Quasi tre anni fa pubblicò per il Mulino il libro “Le Metamorfosi del Modello Emiliano”. In questi mesi si è parlato spesso di crisi del modello emiliano riferendosi in particolar modo al mondo politico e a quello economico?
“Al momento ci sono due modelli. Quello economico ha ancora una sua vitalità. Il modello emiliano nella sua accezione economica esiste ancora e ha molto da dire. Se invece parliamo del modello politico preferisco barricarmi dietro a un no comment”.
Ma cosa si intende per modello emiliano?
“Si tratta, brevemente, di un sistema economico regionale contraddistinto da una forte base manifatturiera e da una spiccata vocazione all’export. L’impresa è al centro del sistema ma, cooperando con i territori, crea una grande coesione sociale. A questo va aggiunto l’impegno dei governi regionali e locali i quali, in passato, hanno assecondato lo sviluppo dei distretti.
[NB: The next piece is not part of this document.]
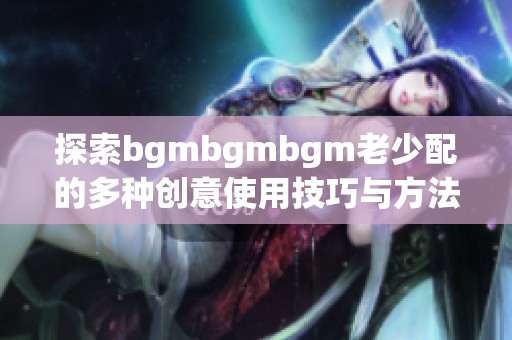 探索bgmbgmbgm老少配的多种创意使用技巧与方法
Sapiente combinazione di decentramento produttivo e integrazione sociale”.
Qual è lo stato attuale dell’economia regionale?
“Il comparto industriale emiliano romagnolo può essere paragonato per certi versi a quello tedesco ma ha aspetti da mettere a punto. E’ dunque necessaria una metamorfosi: come quella tedesca, l’economia della nostra regione destina un terzo del Pil prodotto alla esportazione, è un’economia aperta, con una robusta base manifatturiera. Ma nel quadro della nuova globalizzazione, dove viaggiano non solo i capitali ma anche le fabbriche, diventa sempre più importante costruire all’estero e non bastano più le piccole-medie dimensioni che caratterizzano il nostro sistema produttivo”.
Cosa devono fare i nostri imprenditori per uscire dalla crisi provocata anche dal sisma del 2012?
“Il modello emiliano deve puntare sul know-how e recepire dal modello tedesco, ad esempio, le università delle Scienze Applicate o il Fraunhofer. Istituti, quindi, in grado di promuovere la ricerca applicata e far oltrepassare il nanismo italiano”.
E come vede l’immediato futuro?
“Il calo del petrolio, il calo dell’euro, la manovra di allentamento decisa da Draghi sicuramente vedrà la crescita italiana, nei prossimi due anni, stimabile in 1 o 2 punti in percentuale. Io penso che questo, insieme a quello che le imprese, in silenzio, stanno già facendo da anni ripensando a se stesse, cambiando pelle, esponendosi maggiormente nei mercati esteri potranno nel prossimo biennio portare a una ripresa della nostra economia. Poi, però, sono necessarie politiche industriali che dovranno essere messe in campo a breve dal Governo”.